*** Block opens ***

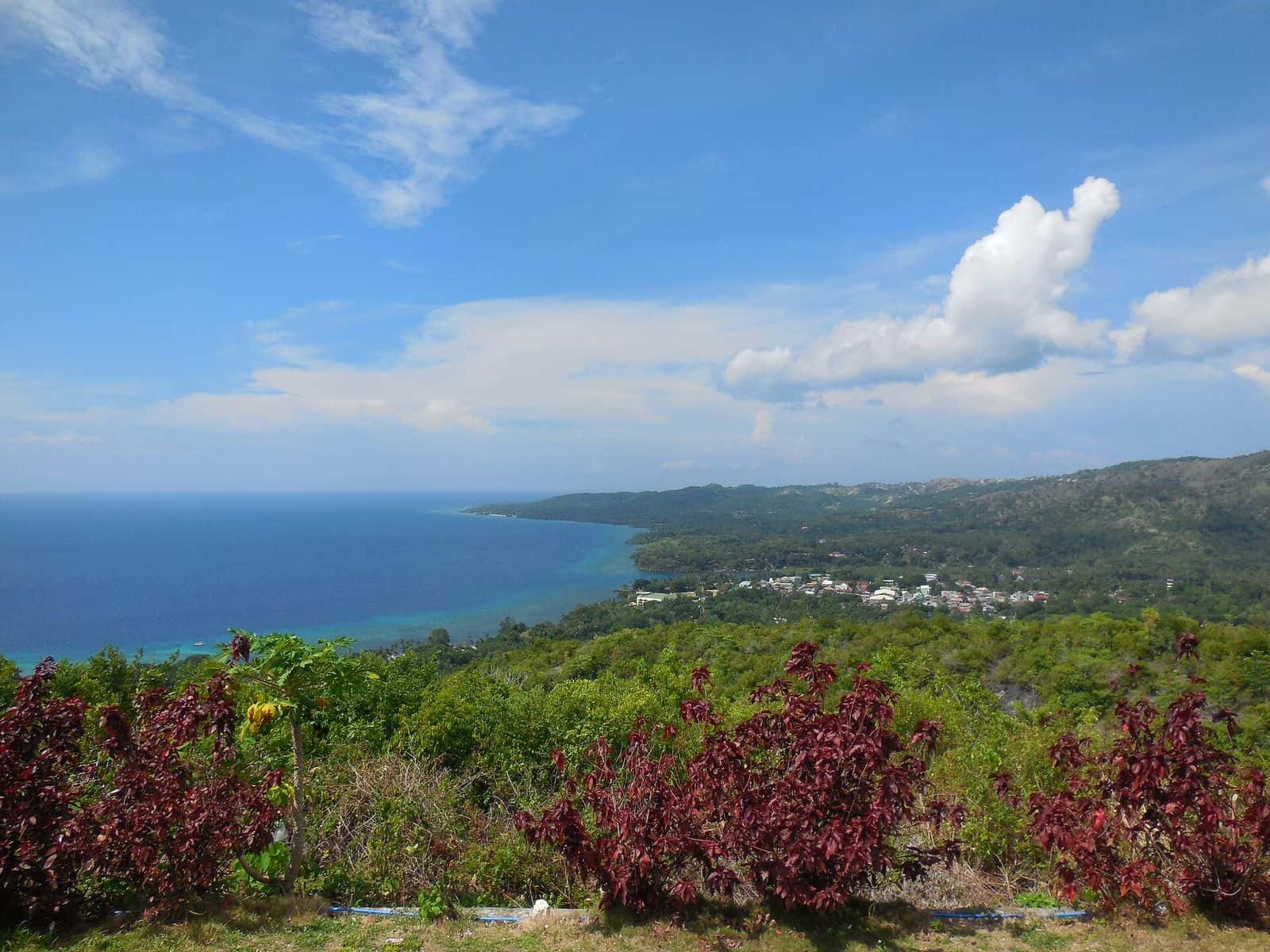 Larena Bay and town from the hill above, Siquijor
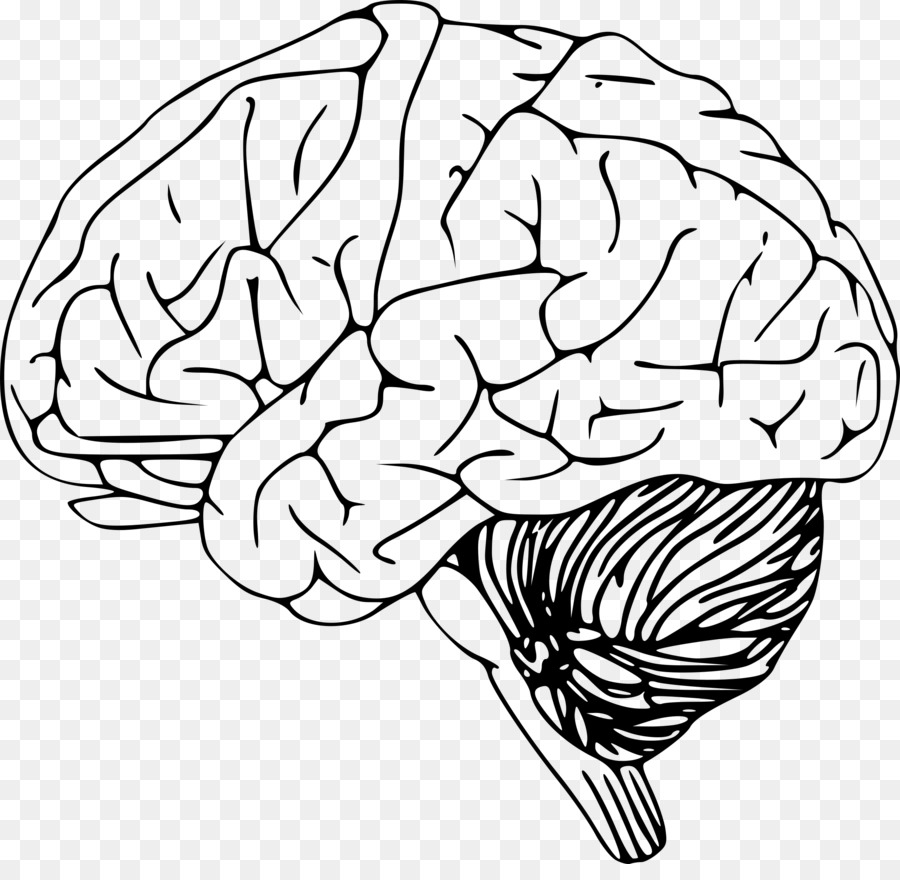 Human brain Drawing Clip art - lateral vector png download - 2400*2305 - Free Transparent  png Download.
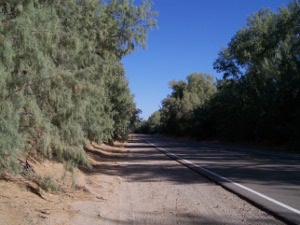 the blacktop highway has sand shoulders and sage green tamarisks on both sides of the road, as far as the eye can see, making an attractive contrast to the dark blue sky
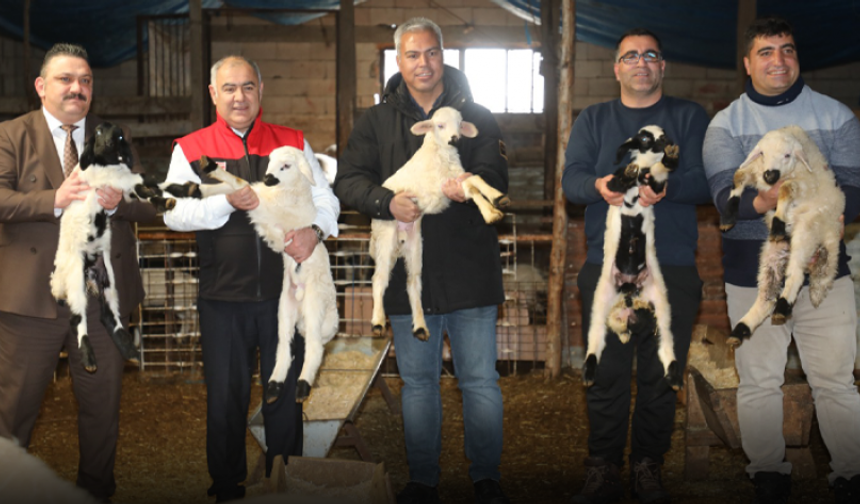 Alacakaya’da Küçükbaş Hayvancılık İşletmesine Saha Ziyareti
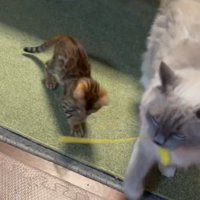 おもちゃを咥える猫とじゃれつく子猫2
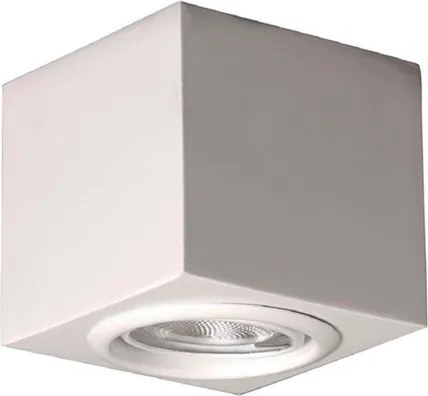 Plafon Sobrepor Orientavel Aluminio Par20 7W - BRANCO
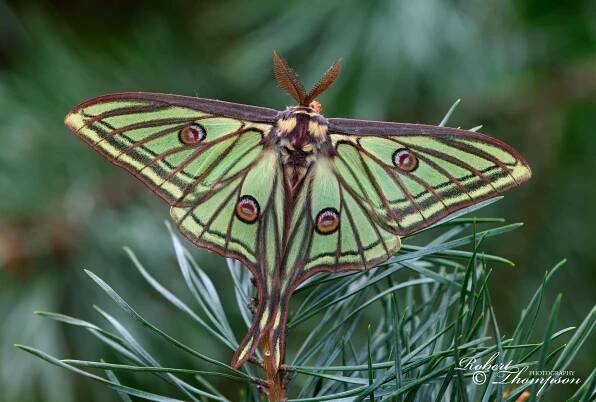 GALLERIES :: Robert Thompson Photography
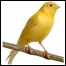 Thumbnail image for Tales From New England: Be The Canary (VIDEO)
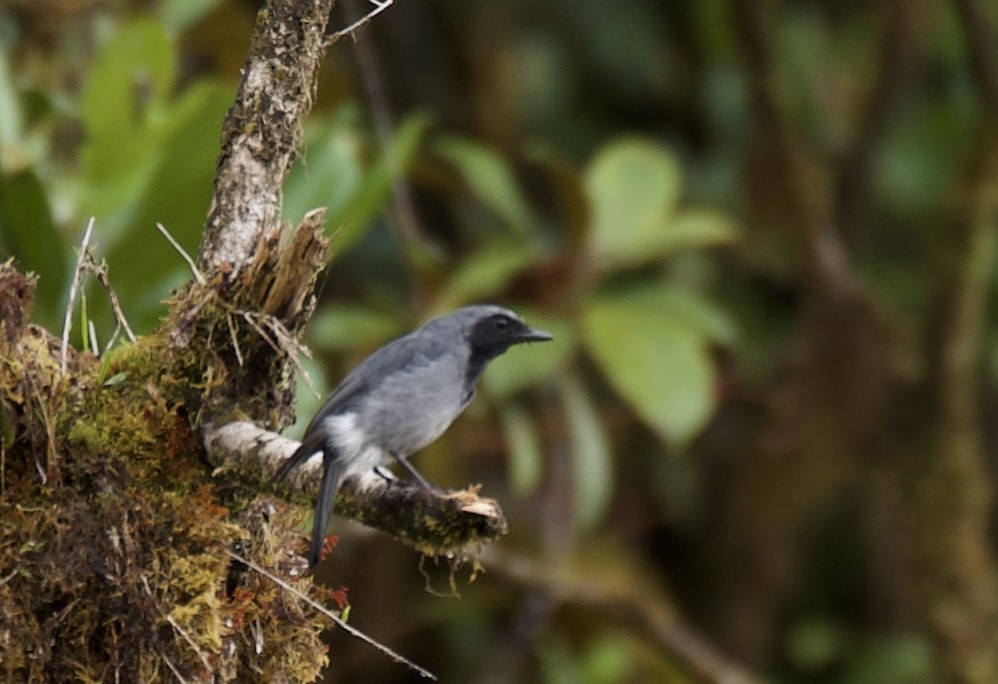 Black-throated Robin - Kelly McDowell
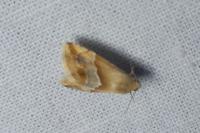 Eublemma parva
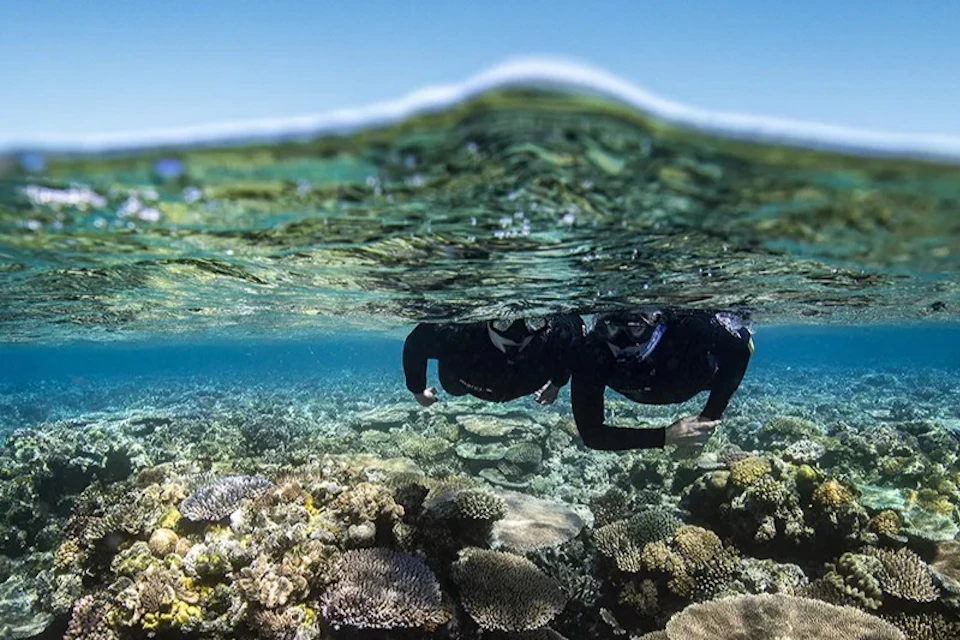 Viper: Outer Great Barrier Reef + Whitehaven + Hill Inlet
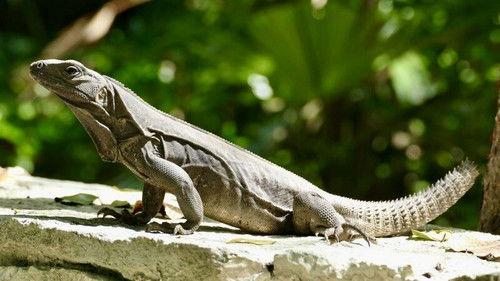 Little Giants Season 1 Episode 12 - Episode 12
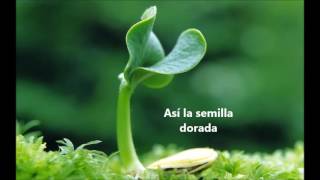 Como Crece Una Planta [upl. by Sumner]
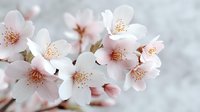 Delicate pink cherry blossoms with soft petals and golden stamens blooming on branch against blurred background for spring seasonal designs.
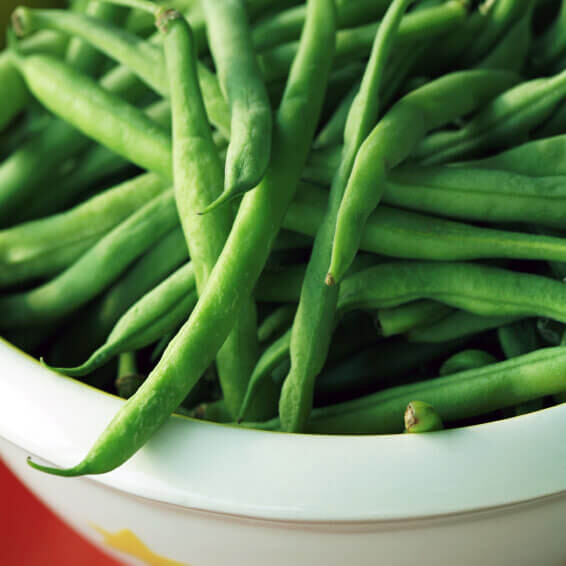Bean bush lake seed organic
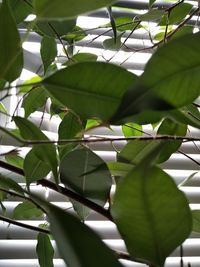 Ficus - Formaldehyd Filter - Gut in Büroräumen und Wohnzimmern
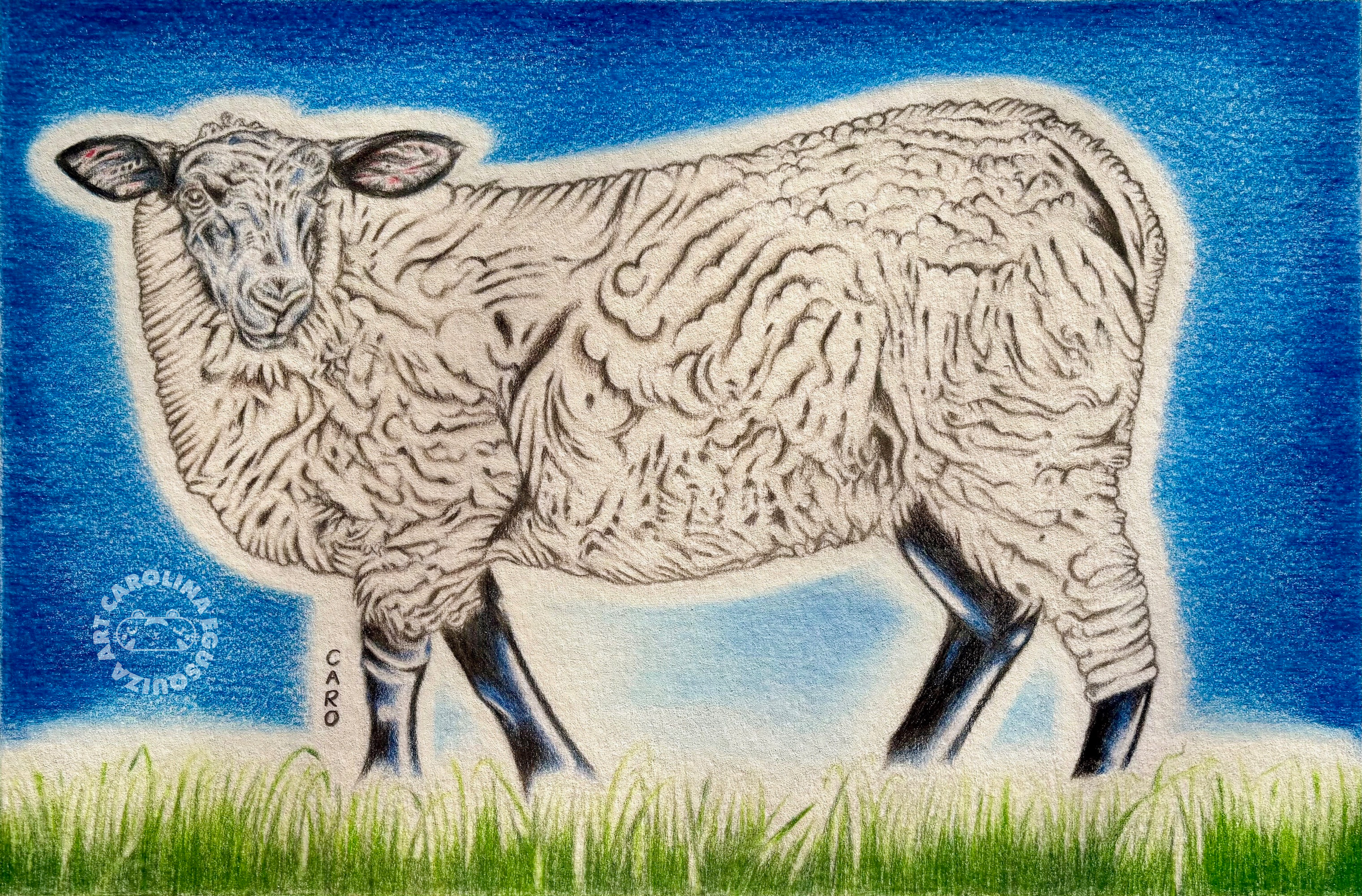 Suffolk Sheep Drawing With Logo.PNG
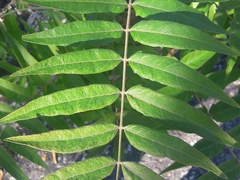Ailanthus altissima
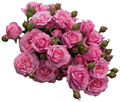 Роза куст-Rosa sp-Julieta Princessa-70cm-Rs 7c295e5d-b537-11ed-0a80-08f700427e5b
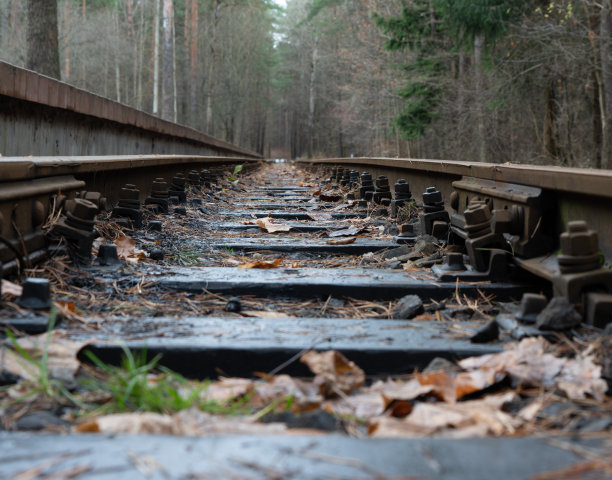 这张照片拍摄的是一条废弃的老木铁路，在树林的背景下点缀着橘黄色和黄色的秋天枫叶。自然与训练理念图片下载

*** Block closes ***

__Activity__.
Retype exactly. Include each line from the start of the material through the line holding "Роза куст-Rosa sp-Julieta", and leave the pictures out.

__Reply__.
 Larena Bay and town from the hill above, Siquijor
 Human brain Drawing Clip art - lateral vector png download - 2400*2305 - Free Transparent  png Download.
 the blacktop highway has sand shoulders and sage green tamarisks on both sides of the road, as far as the eye can see, making an attractive contrast to the dark blue sky
 Alacakaya’da Küçükbaş Hayvancılık İşletmesine Saha Ziyareti
 おもちゃを咥える猫とじゃれつく子猫2
 Plafon Sobrepor Orientavel Aluminio Par20 7W - BRANCO
 GALLERIES :: Robert Thompson Photography
 Thumbnail image for Tales From New England: Be The Canary (VIDEO)
 Black-throated Robin - Kelly McDowell
 Eublemma parva
 Viper: Outer Great Barrier Reef + Whitehaven + Hill Inlet
 Little Giants Season 1 Episode 12 - Episode 12
 Como Crece Una Planta [upl. by Sumner]
 Delicate pink cherry blossoms with soft petals and golden stamens blooming on branch against blurred background for spring seasonal designs.
Bean bush lake seed organic
 Ficus - Formaldehyd Filter - Gut in Büroräumen und Wohnzimmern
 Suffolk Sheep Drawing With Logo.PNG
Ailanthus altissima
 Роза куст-Rosa sp-Julieta Princessa-70cm-Rs 7c295e5d-b537-11ed-0a80-08f700427e5b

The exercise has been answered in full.